_Task to complete:_ An exact copy of each line below is needed, with no images in it.

Provided data Start Marker

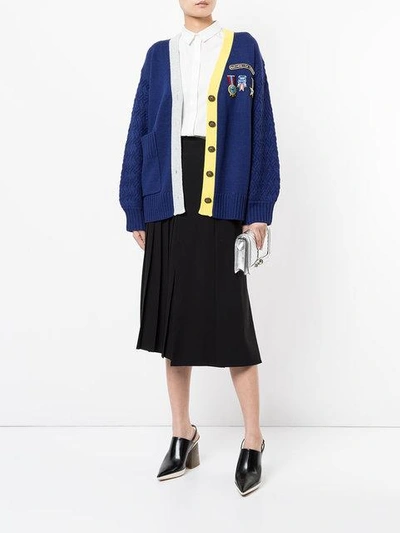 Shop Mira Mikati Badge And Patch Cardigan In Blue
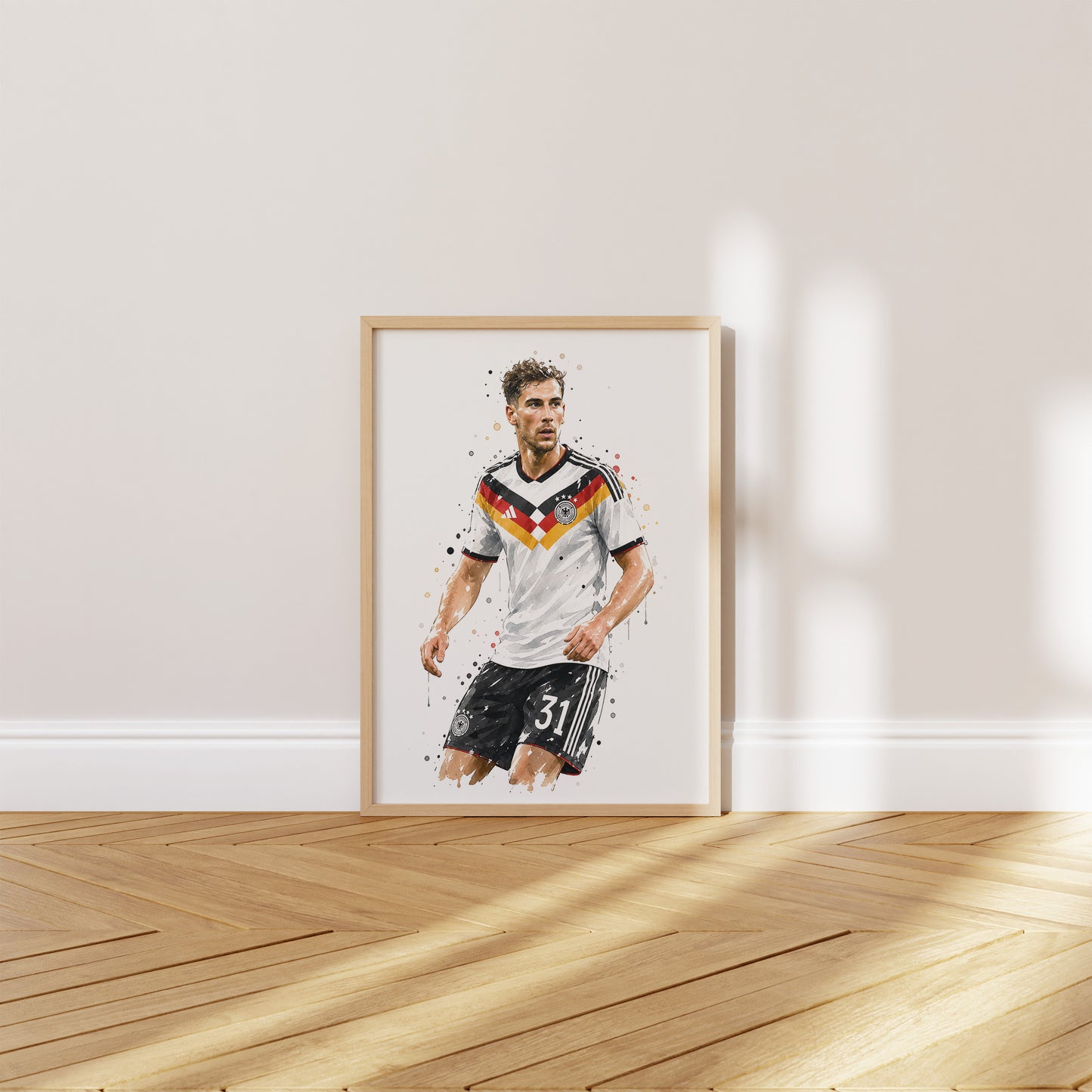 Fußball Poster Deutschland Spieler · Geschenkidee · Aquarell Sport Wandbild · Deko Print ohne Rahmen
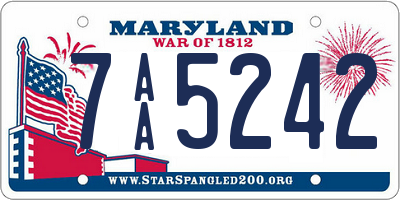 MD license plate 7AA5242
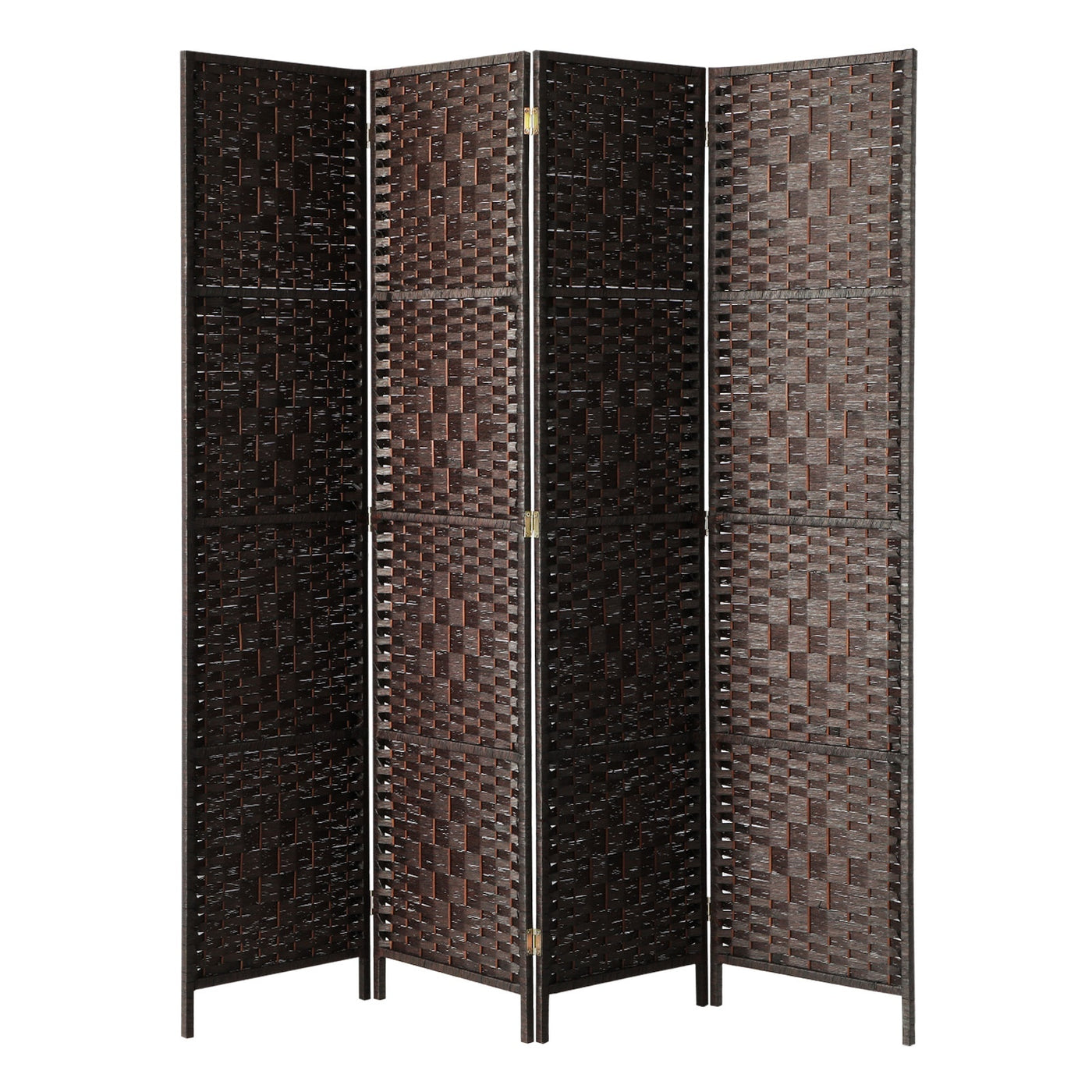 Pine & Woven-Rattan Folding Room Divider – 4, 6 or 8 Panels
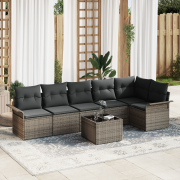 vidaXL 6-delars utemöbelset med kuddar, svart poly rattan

Provided data End Marker

_Task answer:_
 Shop Mira Mikati Badge And Patch Cardigan In Blue
 Fußball Poster Deutschland Spieler · Geschenkidee · Aquarell Sport Wandbild · Deko Print ohne Rahmen
 MD license plate 7AA5242
 Pine & Woven-Rattan Folding Room Divider – 4, 6 or 8 Panels
 vidaXL 6-delars utemöbelset med kuddar, svart poly rattan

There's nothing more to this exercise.